▸ **Assignment**: The records are to be copied from the line that contains "Mokotow Business Center" through their last line, word for word, with every picture left out.
*** Given data ***
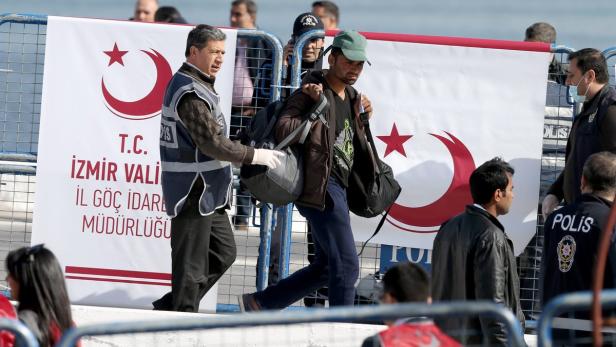 Von Lesbos ans türkische Festland: Erste Flüchtlinge abgeschoben.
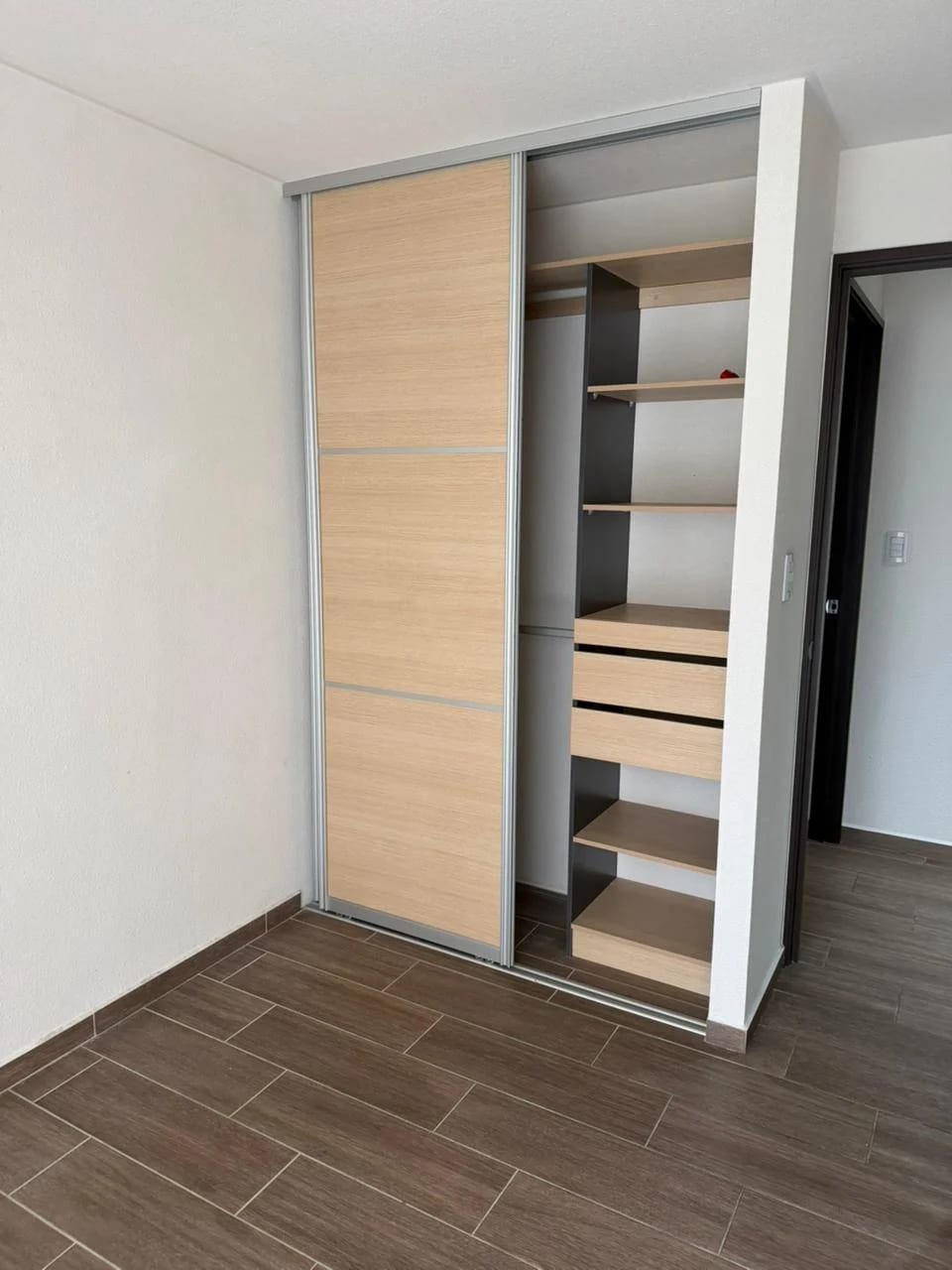 Apartamento en renta en Parque Mateo Zona 7 de 3 dormitorios — Apartamento en Alquiler en Parque Mateo, Zona 7, Guatemala, Ciudad — foto 8 de 11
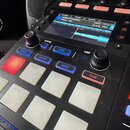 Černý DJ kontrolér s nápisem TRAKTOR KONTROL S5. Zařízení obsahuje displej, na kterém je vidět název skladby KURVY V POZORU a text Release - Topic. N…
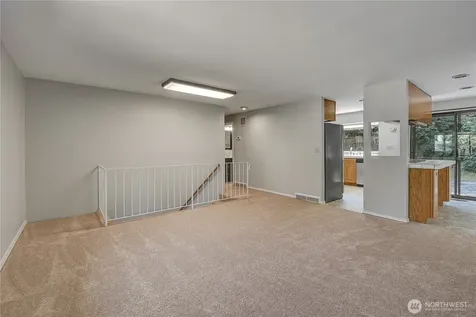 10035 NE 28th Place Bellevue WA 98004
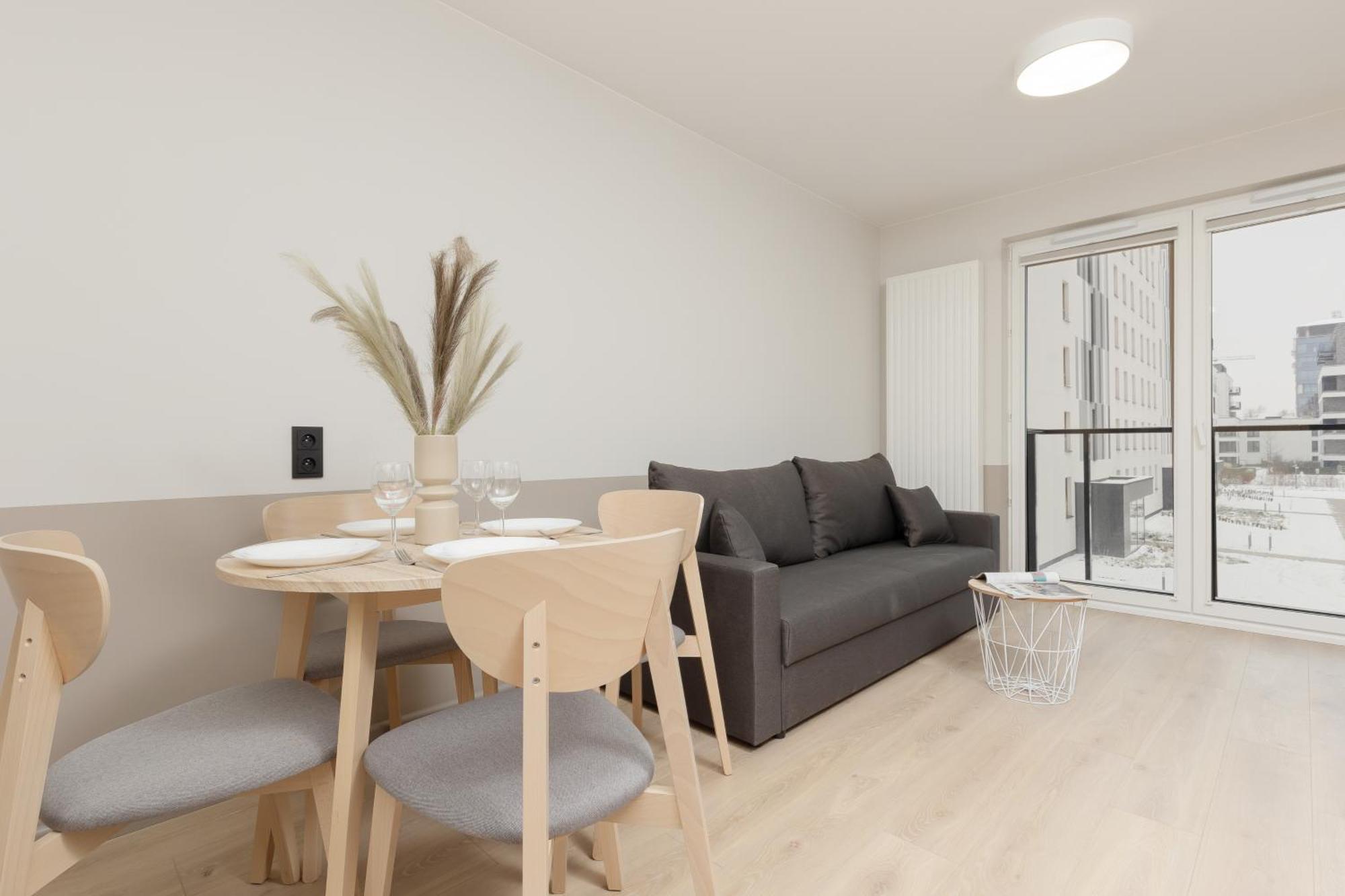 Mokotow Business Center By Renters * Warszawa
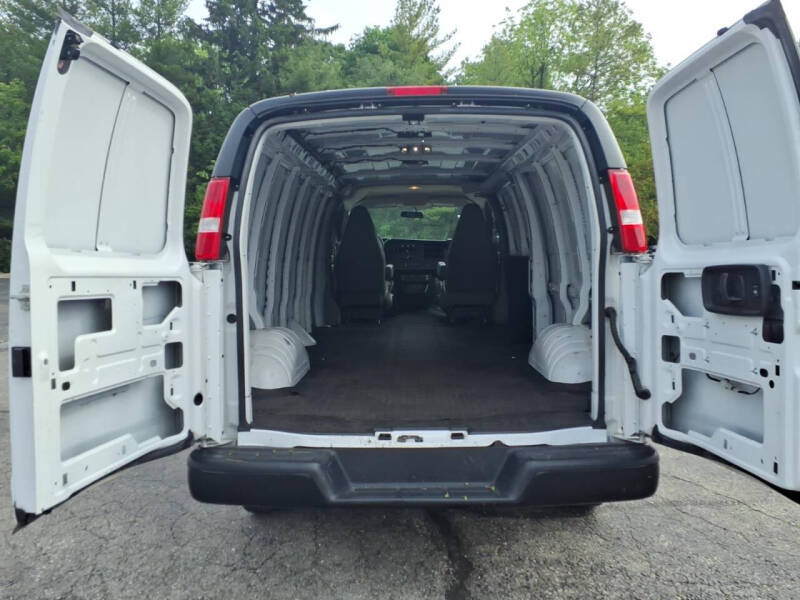 2023 Chevrolet Express 2500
*** End of Given data ***
▸ **Result**:
 Mokotow Business Center By Renters * Warszawa
 2023 Chevrolet Express 2500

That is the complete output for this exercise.